FCPA Investigations Without Breaking the Bank

by Roscoe Howard
January 26, 2018
in FCPA, Featured
calculator and piggy bank

How to Conduct Thorough, Budget Friendly Investigations

Costs can balloon quickly in FCPA investigations, however, these investigations don’t have to spin out of fiscal control. Corporate counsel can and should get to the root of alleged violations – certainly before the government does – without “boiling the ocean” to unearth the facts and decimating the organization’s bottom line. Based on Roscoe, Michael and Pat’s experience managing corporate investigations, both as defense counsel and as federal prosecutors, they recommend three fundamental best practices for conducting FCPA inquiries.

Co-authored by Michael Battle and Patrick Miles, Barnes & Thornburg LLP

Corporate investigations come with a hefty price tag in both dollars and risk. This reality makes it imperative that in-house counsel makes smart, informed decisions before and during internal investigations – especially those inquiries related to potential violations of the Foreign Corrupt Practices Act (FCPA).

Costs can balloon quickly in FCPA investigations, thanks in part to the need for international air travel, the complexity of global corporate operations and the U.S. Department of Justice’s continued scrutiny of those matters.  As corporate legal department leaders monitor expenses, they must avoid the temptation to cut investigative corners for the sake of attempting to preserve their litigation or investigation budgets. Doing so could cost far more – prompting whistleblower activity, risking damaged reputations and lost revenue, and even threatening the personal freedom of corporate employees – than mounting legal bills.

Most executives understand the stakes involved in criminal corporate investigations, as evidenced by the spiraling costs of internal FCPA investigations disclosed by several public companies. Walmart has spent more than $865 million on a single ongoing investigation since 2013, while Siemens spent more than $1 billion investigating FCPA violations before resolving that matter in 2008.

Clearly, these are extreme instances involving two of the world’s largest organizations. However, these investigations don’t have to spin out of fiscal control. Corporate counsel can and should get to the root of alleged violations – certainly before the government does – without “boiling the ocean” to unearth the facts and decimating the organization’s bottom line. Based on our experience managing corporate investigations, both as defense counsel and as federal prosecutors, we recommend three fundamental best practices for conducting FCPA inquiries.

Start With a Budget

The initial, and most basic, step when putting controls on the costs of an internal investigation is to create a budget. Ask outside counsel to sit down with their investigative partners, such as forensic accountants, company auditors and investigators, and provide estimated costs of the investigation based on the anticipated violations, the places the violations occurred, the resources needed to conduct a thorough investigation and how long it will take to look into the allegation.  These costs should include travel expenses, lodging and meals, as well as possible follow-up interviews.

When creating your budget, be aware that the final tally will inevitably be more than the outside counsel and company were anticipating.  It is good to keep in mind that investigators have to follow the facts, not a preset allocation from a corporate litigation budget.

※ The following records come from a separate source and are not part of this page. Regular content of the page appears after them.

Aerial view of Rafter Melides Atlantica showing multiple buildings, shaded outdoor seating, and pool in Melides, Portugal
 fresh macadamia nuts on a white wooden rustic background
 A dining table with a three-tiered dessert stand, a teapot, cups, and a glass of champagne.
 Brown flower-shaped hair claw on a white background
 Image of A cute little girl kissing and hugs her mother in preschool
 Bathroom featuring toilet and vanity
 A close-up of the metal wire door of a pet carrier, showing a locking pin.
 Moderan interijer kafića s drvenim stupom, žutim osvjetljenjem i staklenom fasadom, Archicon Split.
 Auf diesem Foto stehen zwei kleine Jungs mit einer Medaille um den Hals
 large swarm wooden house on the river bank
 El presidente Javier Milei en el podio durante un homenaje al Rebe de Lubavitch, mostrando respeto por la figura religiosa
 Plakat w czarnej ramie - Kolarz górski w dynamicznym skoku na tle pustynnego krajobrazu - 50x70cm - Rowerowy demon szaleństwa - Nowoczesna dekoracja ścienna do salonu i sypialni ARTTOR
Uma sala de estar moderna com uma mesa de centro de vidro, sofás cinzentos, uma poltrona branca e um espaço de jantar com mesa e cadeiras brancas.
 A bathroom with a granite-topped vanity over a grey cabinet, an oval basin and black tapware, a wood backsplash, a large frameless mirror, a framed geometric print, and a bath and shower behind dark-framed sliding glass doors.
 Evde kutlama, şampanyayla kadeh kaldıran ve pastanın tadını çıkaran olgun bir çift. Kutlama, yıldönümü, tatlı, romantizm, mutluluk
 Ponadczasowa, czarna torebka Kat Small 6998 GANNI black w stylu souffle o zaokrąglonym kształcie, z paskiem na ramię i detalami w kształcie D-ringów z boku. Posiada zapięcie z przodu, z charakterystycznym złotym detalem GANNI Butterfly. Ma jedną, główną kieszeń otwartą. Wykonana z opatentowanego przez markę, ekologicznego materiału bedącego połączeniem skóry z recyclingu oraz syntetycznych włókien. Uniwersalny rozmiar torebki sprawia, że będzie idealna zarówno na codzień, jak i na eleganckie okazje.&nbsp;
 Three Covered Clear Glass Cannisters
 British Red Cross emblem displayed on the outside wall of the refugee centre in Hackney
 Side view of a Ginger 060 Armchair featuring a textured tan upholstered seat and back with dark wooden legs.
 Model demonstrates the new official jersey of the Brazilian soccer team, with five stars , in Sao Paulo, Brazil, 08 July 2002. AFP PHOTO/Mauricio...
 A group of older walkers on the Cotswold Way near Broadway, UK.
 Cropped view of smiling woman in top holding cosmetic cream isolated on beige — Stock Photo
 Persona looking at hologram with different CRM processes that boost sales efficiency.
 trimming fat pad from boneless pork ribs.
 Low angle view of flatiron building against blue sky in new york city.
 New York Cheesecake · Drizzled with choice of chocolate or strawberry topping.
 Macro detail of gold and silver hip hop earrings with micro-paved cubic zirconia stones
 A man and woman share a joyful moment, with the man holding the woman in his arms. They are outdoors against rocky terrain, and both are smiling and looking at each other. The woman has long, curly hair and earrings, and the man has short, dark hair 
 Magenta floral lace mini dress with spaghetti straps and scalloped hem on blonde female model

Still, starting with a budget will help avoid sticker shock. It is only a budget and so, by definition, will be solely an educated guess at the cost. Every investigation will have unforeseen twists and turns that may change that budget to make it more – or less — expensive. However, starting with a budget allows counsel to inform clients when it appears the budget may be exceeded, and the ability to identify why costs not previously anticipated are occurring.

Pick The Right Partners

Making sure you’ve got the right people, in the right places, conducting the right tasks is integral not only to ensure accurate findings but also to managing costs. If outside counsel lacks experience with internal investigations, the costs will quickly grow as their education gets underway. Hiring a firm without relevant experience but with an inexpensive hourly rate may not prove cost-effective if it turns out that the firm cannot get the investigation done. Having to replace an inexperienced firm with a more seasoned firm during the course of an investigation creates unnecessary and avoidable expenses.

The parties selected to conduct an investigation should have a history of conducting investigations or show the ability to partner with investigative entities that do. Seasoned investigators with a knowledge of DOJ practices, an understanding of interview techniques and access to the appropriate resources are essential for an efficient – and effective – investigation.

Experienced counsel and investigators need less time to structure and execute investigations.Corporate counsel will not want to pay for a learning curve, so making sure at the outset that they have selected the right investigative partner is imperative to controlling investigative costs.

Stop Violations Before They Start

The best way to avoid excessive costs for internal investigations is to address the source of the problems before they become problems. Corporations must work at creating a culture that has no tolerance for criminal behavior. That, more than anything else, will serve to contain costs for internal investigations. A corporate culture that lacks tolerance for such activity makes a lone bad actor or a single ethical misstep easier to isolate and investigate in a sprawling organization.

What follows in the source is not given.